::: Material for this exercise :::

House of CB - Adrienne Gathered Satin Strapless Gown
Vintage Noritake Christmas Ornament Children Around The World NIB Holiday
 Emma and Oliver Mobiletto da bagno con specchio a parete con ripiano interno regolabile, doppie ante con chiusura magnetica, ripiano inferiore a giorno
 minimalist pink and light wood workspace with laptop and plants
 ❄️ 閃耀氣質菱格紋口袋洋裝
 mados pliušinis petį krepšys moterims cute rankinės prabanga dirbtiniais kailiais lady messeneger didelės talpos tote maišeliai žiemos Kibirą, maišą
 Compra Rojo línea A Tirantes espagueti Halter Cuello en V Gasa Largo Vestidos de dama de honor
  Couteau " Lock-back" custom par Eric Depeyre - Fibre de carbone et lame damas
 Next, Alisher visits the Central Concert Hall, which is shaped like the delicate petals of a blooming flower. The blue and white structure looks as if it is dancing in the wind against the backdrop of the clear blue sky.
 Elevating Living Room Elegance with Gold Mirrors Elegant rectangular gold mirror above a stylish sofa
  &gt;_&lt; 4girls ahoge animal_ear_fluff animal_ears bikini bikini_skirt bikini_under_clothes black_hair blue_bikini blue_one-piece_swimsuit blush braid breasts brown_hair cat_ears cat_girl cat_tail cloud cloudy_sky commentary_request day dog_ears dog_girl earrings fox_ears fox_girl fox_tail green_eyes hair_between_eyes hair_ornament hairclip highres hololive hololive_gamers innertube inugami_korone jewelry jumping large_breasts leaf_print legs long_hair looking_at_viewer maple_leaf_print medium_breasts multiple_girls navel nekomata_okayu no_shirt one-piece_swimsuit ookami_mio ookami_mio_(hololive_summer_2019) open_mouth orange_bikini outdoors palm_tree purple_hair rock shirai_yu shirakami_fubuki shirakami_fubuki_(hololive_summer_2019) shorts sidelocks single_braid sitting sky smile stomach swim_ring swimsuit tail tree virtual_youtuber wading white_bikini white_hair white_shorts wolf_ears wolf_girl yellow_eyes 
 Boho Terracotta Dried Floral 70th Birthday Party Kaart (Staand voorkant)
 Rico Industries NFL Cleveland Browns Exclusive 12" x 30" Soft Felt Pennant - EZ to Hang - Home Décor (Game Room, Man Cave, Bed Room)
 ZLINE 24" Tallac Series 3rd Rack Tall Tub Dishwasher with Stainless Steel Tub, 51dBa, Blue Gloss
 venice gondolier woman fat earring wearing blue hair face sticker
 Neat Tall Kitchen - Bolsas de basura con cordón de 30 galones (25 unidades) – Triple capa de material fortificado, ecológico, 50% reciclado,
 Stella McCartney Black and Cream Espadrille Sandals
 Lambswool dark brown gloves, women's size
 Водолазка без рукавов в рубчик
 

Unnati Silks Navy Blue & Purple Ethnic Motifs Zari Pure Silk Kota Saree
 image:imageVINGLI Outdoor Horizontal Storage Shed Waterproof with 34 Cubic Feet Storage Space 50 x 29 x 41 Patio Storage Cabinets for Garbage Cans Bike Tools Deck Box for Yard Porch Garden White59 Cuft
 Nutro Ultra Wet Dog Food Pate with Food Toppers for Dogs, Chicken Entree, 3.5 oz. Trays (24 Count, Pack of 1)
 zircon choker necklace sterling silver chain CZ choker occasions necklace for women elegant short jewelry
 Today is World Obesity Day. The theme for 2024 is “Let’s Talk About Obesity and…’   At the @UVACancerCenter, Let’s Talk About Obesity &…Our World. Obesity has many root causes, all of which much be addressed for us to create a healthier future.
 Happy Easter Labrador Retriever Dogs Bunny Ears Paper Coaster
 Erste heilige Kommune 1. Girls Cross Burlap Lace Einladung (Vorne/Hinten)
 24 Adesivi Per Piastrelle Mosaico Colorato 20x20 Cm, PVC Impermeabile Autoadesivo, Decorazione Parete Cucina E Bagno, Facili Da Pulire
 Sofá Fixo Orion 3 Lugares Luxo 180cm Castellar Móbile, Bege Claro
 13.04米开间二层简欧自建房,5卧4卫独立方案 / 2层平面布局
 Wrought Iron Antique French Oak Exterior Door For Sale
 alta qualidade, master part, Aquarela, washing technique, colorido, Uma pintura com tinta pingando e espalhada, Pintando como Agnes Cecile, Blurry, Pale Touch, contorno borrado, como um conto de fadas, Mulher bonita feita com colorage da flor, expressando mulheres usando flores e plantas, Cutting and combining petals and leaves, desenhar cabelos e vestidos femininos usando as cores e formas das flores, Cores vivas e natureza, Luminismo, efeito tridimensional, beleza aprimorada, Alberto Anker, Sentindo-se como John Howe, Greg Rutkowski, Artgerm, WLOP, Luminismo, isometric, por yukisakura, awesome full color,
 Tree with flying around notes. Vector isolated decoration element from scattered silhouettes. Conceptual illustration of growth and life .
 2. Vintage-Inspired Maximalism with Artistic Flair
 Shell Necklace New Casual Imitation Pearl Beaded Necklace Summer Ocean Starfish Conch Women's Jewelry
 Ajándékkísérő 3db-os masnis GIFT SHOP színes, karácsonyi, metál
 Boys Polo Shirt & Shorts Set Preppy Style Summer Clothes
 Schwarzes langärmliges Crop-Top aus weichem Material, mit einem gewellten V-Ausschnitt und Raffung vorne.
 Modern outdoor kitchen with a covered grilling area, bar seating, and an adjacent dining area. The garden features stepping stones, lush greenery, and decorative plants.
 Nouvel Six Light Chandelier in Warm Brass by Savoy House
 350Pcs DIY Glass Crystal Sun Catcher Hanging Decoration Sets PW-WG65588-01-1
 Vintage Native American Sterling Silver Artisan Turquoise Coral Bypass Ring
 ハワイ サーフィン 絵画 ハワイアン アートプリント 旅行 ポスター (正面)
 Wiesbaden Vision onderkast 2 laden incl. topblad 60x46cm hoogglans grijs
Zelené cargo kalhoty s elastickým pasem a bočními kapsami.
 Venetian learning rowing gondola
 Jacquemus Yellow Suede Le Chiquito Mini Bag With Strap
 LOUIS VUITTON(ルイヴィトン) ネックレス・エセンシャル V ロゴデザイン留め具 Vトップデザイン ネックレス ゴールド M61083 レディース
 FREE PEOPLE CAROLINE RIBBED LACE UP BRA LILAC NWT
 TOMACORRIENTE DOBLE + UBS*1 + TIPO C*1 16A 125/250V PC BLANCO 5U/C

:::

● **Exercise description**
Every entry is to be restated exactly, with no line dropped.

● **Answer to this exercise**
House of CB - Adrienne Gathered Satin Strapless Gown
Vintage Noritake Christmas Ornament Children Around The World NIB Holiday
 Emma and Oliver Mobiletto da bagno con specchio a parete con ripiano interno regolabile, doppie ante con chiusura magnetica, ripiano inferiore a giorno
 minimalist pink and light wood workspace with laptop and plants
 ❄️ 閃耀氣質菱格紋口袋洋裝
 mados pliušinis petį krepšys moterims cute rankinės prabanga dirbtiniais kailiais lady messeneger didelės talpos tote maišeliai žiemos Kibirą, maišą
 Compra Rojo línea A Tirantes espagueti Halter Cuello en V Gasa Largo Vestidos de dama de honor
  Couteau " Lock-back" custom par Eric Depeyre - Fibre de carbone et lame damas
 Next, Alisher visits the Central Concert Hall, which is shaped like the delicate petals of a blooming flower. The blue and white structure looks as if it is dancing in the wind against the backdrop of the clear blue sky.
 Elevating Living Room Elegance with Gold Mirrors Elegant rectangular gold mirror above a stylish sofa
  &gt;_&lt; 4girls ahoge animal_ear_fluff animal_ears bikini bikini_skirt bikini_under_clothes black_hair blue_bikini blue_one-piece_swimsuit blush braid breasts brown_hair cat_ears cat_girl cat_tail cloud cloudy_sky commentary_request day dog_ears dog_girl earrings fox_ears fox_girl fox_tail green_eyes hair_between_eyes hair_ornament hairclip highres hololive hololive_gamers innertube inugami_korone jewelry jumping large_breasts leaf_print legs long_hair looking_at_viewer maple_leaf_print medium_breasts multiple_girls navel nekomata_okayu no_shirt one-piece_swimsuit ookami_mio ookami_mio_(hololive_summer_2019) open_mouth orange_bikini outdoors palm_tree purple_hair rock shirai_yu shirakami_fubuki shirakami_fubuki_(hololive_summer_2019) shorts sidelocks single_braid sitting sky smile stomach swim_ring swimsuit tail tree virtual_youtuber wading white_bikini white_hair white_shorts wolf_ears wolf_girl yellow_eyes 
 Boho Terracotta Dried Floral 70th Birthday Party Kaart (Staand voorkant)
 Rico Industries NFL Cleveland Browns Exclusive 12" x 30" Soft Felt Pennant - EZ to Hang - Home Décor (Game Room, Man Cave, Bed Room)
 ZLINE 24" Tallac Series 3rd Rack Tall Tub Dishwasher with Stainless Steel Tub, 51dBa, Blue Gloss
 venice gondolier woman fat earring wearing blue hair face sticker
 Neat Tall Kitchen - Bolsas de basura con cordón de 30 galones (25 unidades) – Triple capa de material fortificado, ecológico, 50% reciclado,
 Stella McCartney Black and Cream Espadrille Sandals
 Lambswool dark brown gloves, women's size
 Водолазка без рукавов в рубчик
 

Unnati Silks Navy Blue & Purple Ethnic Motifs Zari Pure Silk Kota Saree
 image:imageVINGLI Outdoor Horizontal Storage Shed Waterproof with 34 Cubic Feet Storage Space 50 x 29 x 41 Patio Storage Cabinets for Garbage Cans Bike Tools Deck Box for Yard Porch Garden White59 Cuft
 Nutro Ultra Wet Dog Food Pate with Food Toppers for Dogs, Chicken Entree, 3.5 oz. Trays (24 Count, Pack of 1)
 zircon choker necklace sterling silver chain CZ choker occasions necklace for women elegant short jewelry
 Today is World Obesity Day. The theme for 2024 is “Let’s Talk About Obesity and…’   At the @UVACancerCenter, Let’s Talk About Obesity &…Our World. Obesity has many root causes, all of which much be addressed for us to create a healthier future.
 Happy Easter Labrador Retriever Dogs Bunny Ears Paper Coaster
 Erste heilige Kommune 1. Girls Cross Burlap Lace Einladung (Vorne/Hinten)
 24 Adesivi Per Piastrelle Mosaico Colorato 20x20 Cm, PVC Impermeabile Autoadesivo, Decorazione Parete Cucina E Bagno, Facili Da Pulire
 Sofá Fixo Orion 3 Lugares Luxo 180cm Castellar Móbile, Bege Claro
 13.04米开间二层简欧自建房,5卧4卫独立方案 / 2层平面布局
 Wrought Iron Antique French Oak Exterior Door For Sale
 alta qualidade, master part, Aquarela, washing technique, colorido, Uma pintura com tinta pingando e espalhada, Pintando como Agnes Cecile, Blurry, Pale Touch, contorno borrado, como um conto de fadas, Mulher bonita feita com colorage da flor, expressando mulheres usando flores e plantas, Cutting and combining petals and leaves, desenhar cabelos e vestidos femininos usando as cores e formas das flores, Cores vivas e natureza, Luminismo, efeito tridimensional, beleza aprimorada, Alberto Anker, Sentindo-se como John Howe, Greg Rutkowski, Artgerm, WLOP, Luminismo, isometric, por yukisakura, awesome full color,
 Tree with flying around notes. Vector isolated decoration element from scattered silhouettes. Conceptual illustration of growth and life .
 2. Vintage-Inspired Maximalism with Artistic Flair
 Shell Necklace New Casual Imitation Pearl Beaded Necklace Summer Ocean Starfish Conch Women's Jewelry
 Ajándékkísérő 3db-os masnis GIFT SHOP színes, karácsonyi, metál
 Boys Polo Shirt & Shorts Set Preppy Style Summer Clothes
 Schwarzes langärmliges Crop-Top aus weichem Material, mit einem gewellten V-Ausschnitt und Raffung vorne.
 Modern outdoor kitchen with a covered grilling area, bar seating, and an adjacent dining area. The garden features stepping stones, lush greenery, and decorative plants.
 Nouvel Six Light Chandelier in Warm Brass by Savoy House
 350Pcs DIY Glass Crystal Sun Catcher Hanging Decoration Sets PW-WG65588-01-1
 Vintage Native American Sterling Silver Artisan Turquoise Coral Bypass Ring
 ハワイ サーフィン 絵画 ハワイアン アートプリント 旅行 ポスター (正面)
 Wiesbaden Vision onderkast 2 laden incl. topblad 60x46cm hoogglans grijs
Zelené cargo kalhoty s elastickým pasem a bočními kapsami.
 Venetian learning rowing gondola
 Jacquemus Yellow Suede Le Chiquito Mini Bag With Strap
 LOUIS VUITTON(ルイヴィトン) ネックレス・エセンシャル V ロゴデザイン留め具 Vトップデザイン ネックレス ゴールド M61083 レディース
 FREE PEOPLE CAROLINE RIBBED LACE UP BRA LILAC NWT
 TOMACORRIENTE DOBLE + UBS*1 + TIPO C*1 16A 125/250V PC BLANCO 5U/C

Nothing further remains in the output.